Archibald MacLeish was an American poet, writer, and Librarian
of Congress. He is associated with the modernist school of poetry.
Biography
MacLeish was born in Glencoe, Illinois. His father, Andrew MacLeish,
was a dry-goods merchant. His mother, Martha Hillard, was a college
professor. He grew up on an estate bordering Lake Michigan. He
attended the Hotchkiss School from 1907 to 1911, before moving
on to Yale University where he majored in English and became a
member of the Skull and Bones secret society. He then enrolled
in the Harvard Law School. In 1916, he married Ada Hitchcock.
His
studies were interrupted by World War I, in which he served first
as an ambulance driver and later as a captain of artillery. He
graduated from the law school in 1919. He taught law for a semester
for the government department at Harvard, then worked briefly
as an editor for The New Republic. He next spent three years practicing
law.
In
1923 MacLeish left his law firm and moved with his wife to Paris,
where they joined the community of literary expatriates that included
such members as Gertrude Stein and Ernest Hemingway. He returned
to America in 1928.
From
1930 to 1938 he worked as a writer and editor for Fortune Magazine,
during which time he also became increasingly politically active,
especially with anti-fascist causes. He was a great admirer of
Franklin D. Roosevelt, who appointed him Librarian of Congress
in 1939. According to MacLeish, Roosevelt invited him to lunch
and "Mr. Roosevelt decided that I wanted to be librarian
of Congress." MacLeish held this job for five years, and
is remembered as an effective leader who helped modernize the
Library.
During
World War II MacLeish also served as director of the War Department's
Office of Facts and Figures, and as the assistant director of
the Office of War Information. These jobs were heavily involved
with propaganda, which was well-suited to MacLeish's talents;
he had written quite a bit of politically-motivated work in the
previous decade.
He
spent a year as the Assistant Secretary of State for cultural
affairs, and a further year representing the U.S. at the creation
of UNESCO. After this, he retired from public service and returned
to academia.
Despite
a long history of criticizing Marxism, MacLeish came under fire
from conservative politicians of the 1940s and 1950s, including
J. Edgar Hoover and Joseph McCarthy. Much of this was due to his
involvement with anti-fascist organizations like the League of
American Writers, and to his friendship with prominent left-wing
writers.
In
1949 MacLeish became the Boylston Professor of Rhetoric and Oratory
at Harvard. He held this position until his retirement in 1962.
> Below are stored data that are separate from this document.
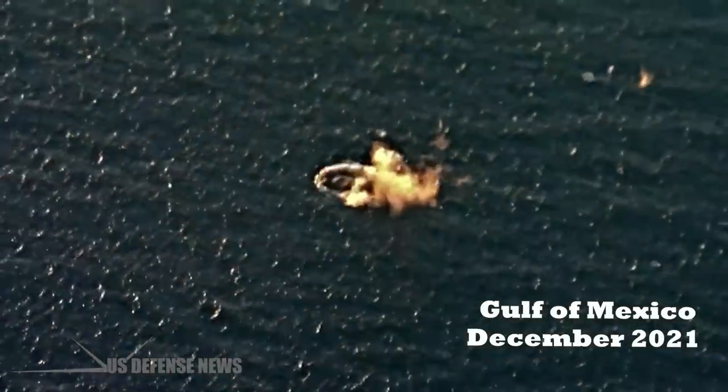This was the first live-fire Rapid Dragon test since December 2021 over the Gulf of Mexico, and the first test in the U.S. European Command Area of Responsibility.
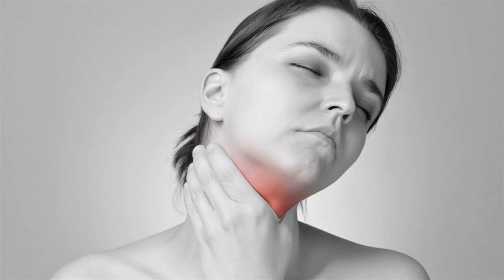The thyroid gland is a small, butterfly-shaped gland in the front of your neck. It makes thyroid hormones upon receiving a signal from the thyroid-stimulating hormone, TSH. When blood levels of TSH rise, the thyroid gland uses iodine to make thyroid hormones.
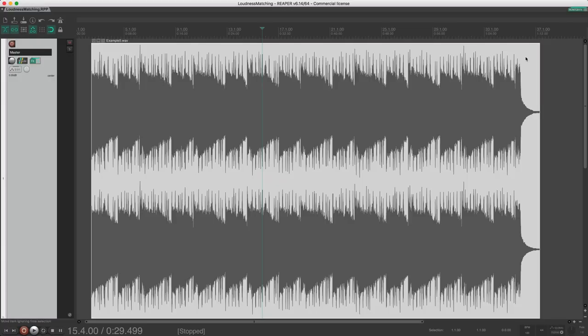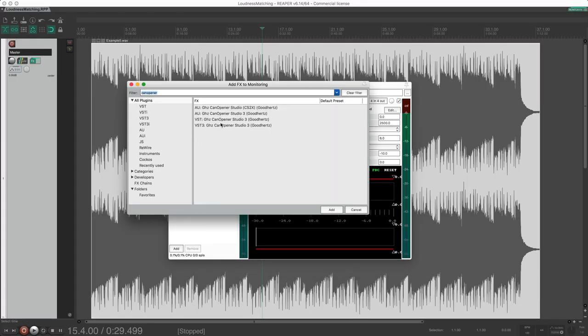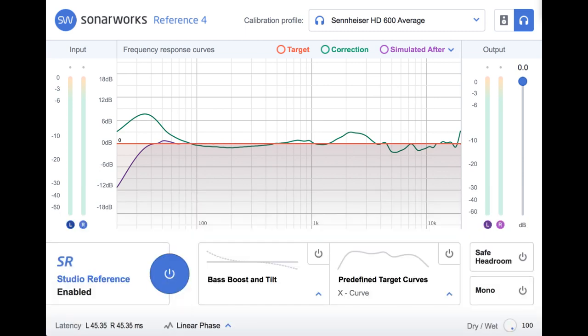Put the crossfeed plugin in your monitoring chain and make sure it doesn't end up on your master. In Reaper, for example, you can put it in your monitoring effect chain to keep it out of the signal path for exports. Otherwise, remember to bypass it before exporting. Another useful tool is correction software — we use Reference from Sonarworks, which corrects the frequency response of your headphones. We use the Sennheiser HD 600, which is fairly neutral but needs a bit more low end and some high-end correction. With Sonarworks enabled, the headphones sound much more flat and neutral.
In 1959 his play J.B. won the Pulitzer Prize for Drama.
From 1963 to 1967 he was the John Woodruff Simpson Lecturer at
Amherst College.
Literary
work
MacLeish greatly admired T. S. Eliot and Ezra Pound, and his work
shows quite a bit of their influence. In fact, some critics charge
that his poetry is derivative, and adds little of MacLeish's own
voice.
MacLeish's
early work was very traditionally modernist, and accepted the
contemporary modernist position holding that a poet was isolated
from society. His most well-known poem, Ars Poetica, contains
the line "A poem should not mean / but be.", a classic
statement of the modernist aesthetic.
He
later broke with this position. MacLeish himself was greatly involved
in public life, and came to believe that this was not only an
appropriate but an inevitable role for a poet.
Quotes
“We are deluged with facts, but we have lost or are losing
our human ability to feel them.”
"What
is more important in a library than anything else — is the
fact that it exists."
"A
man who lives, not by what he loves but what he hates, is a sick
man."
"We
are as great as our belief in human liberty -- no greater. And
our belief in human liberty is only ours when it is larger than
ourselves."
"The
infantile cowardice of our time which demands an external pattern,
a nonhuman authority...."
"Piety's
hard enough to take among the poor who have to practice it. A
rich man's piety stinks. It's insufferable."
"The
business of the law is to make sense of the confusion of what
we call human life -- to reduce it to order but at the same time
to give it possibility, scope, even dignity."
"It
is not in the world of ideas that life is lived. Life is lived
for better or worse in life, and to a man in life, his life can
be no more absurd than it can be the opposite of absurd, whatever
that opposite may be."
"That
peculiar disease of intellectuals, that infatuation with ideas
at the expense of experience, that compels experience to conform
to bookish expectations."
"We
have learned the answers, all the answers: It is the question
that we do not know."
"To
see the earth as we now see it, small and beautiful in that eternal
silence where it floats, is to see ourselves as riders on the
earth together, brothers on that bright loveliness in the unending
night -- brothers who see now they are truly brothers."